ABSTRACT

Charoen Pokphand (CP) is a Thai corporation that started in 1921 as a marketer of vegetables and is now a diversified multinational, the largest agribusiness company in Southeast Asia. In 1977, CP launched an experimental program of rural development, built around the creation of four demonstration villages, each with an economic core of pig production to be purchased by CP, and each with a design aimed at crop diversification, sometimes but not always related to the long-range plans of CP for product diversification. (Chapter 2 gives a description of an analogous corporate approach to agricultural development on the part of Hindustan Lever Limited in India.) Like the Haggar family in the Sudan (Chapter 6), the Thai family that started and still controls CP reflects a special feeling for the interdependence of the company and its economic future and the well-being of rural people as raw material suppliers, buyers of corporate products, and human beings whose needs are more than economic in nature.

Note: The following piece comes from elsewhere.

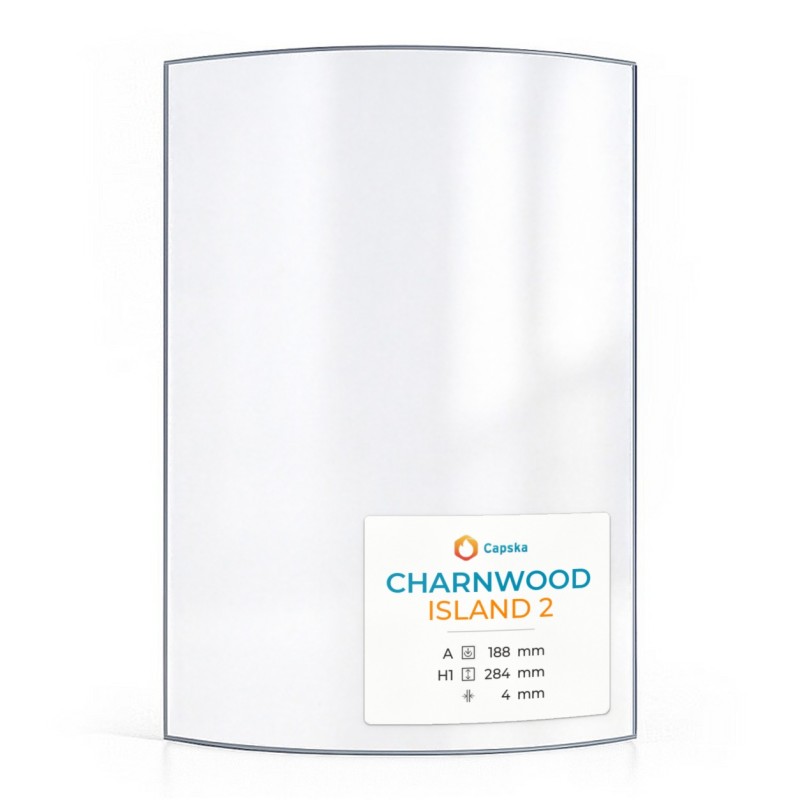 Charnwood ISLAND 2 Glas - in sich gebogenes Kaminglas für Kaminofen
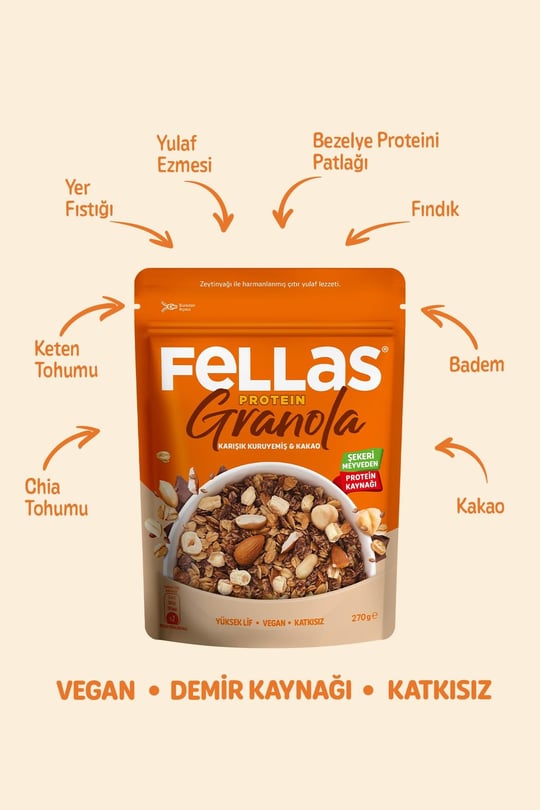 Fellas Protein Granola - Karışık Kuruyemiş & Kakao 270g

Perhaps more than any other case in this book, the CP experience illustrates the extent to which agribusiness management can, at a profit to all concerned and with government approval, entwine itself with the totality of rural development during the early years of transition of rural families from subsistence to a cash economy. Four small villages have been created from nothing. Participating farm families (roughly 225) have been settled in homes provided by CP. Farmers have been given all the necessities to start pig production, and though they participate freely, they have had nothing to do with or to say about the four project designs, each different in structure and operation, into which their lives have been folded. Although philosophically heart-warming, economically successful, and intriguing in the changes the program has initiated, it is still true that the very success of each village has generated an elite that is resented by others. This is a worldwide problem that CP recognizes but has not yet dealt with.

CP has done more than establish four models of agricultural and rural development, each serving the company as a source of 112supply. It has also demonstrated a unique model that satisfies the demand for immediate profitability for the corporation and the farmer. Each village is designed as a profit center. All development costs have been financed by bank loans, based on feasibility studies. Production levels in each village were predetermined to yield the necessary cash flows at company processing facilities to justify the investment, and these village production goals were predetermined to yield a striking increase in net farm income compared to return from the land used for traditional crops grown in traditional ways. There is a warmth of spirit, ingenuity in planning, skill in management, level of farmer response, and degree of learning by government officials that warrants worldwide respect and study.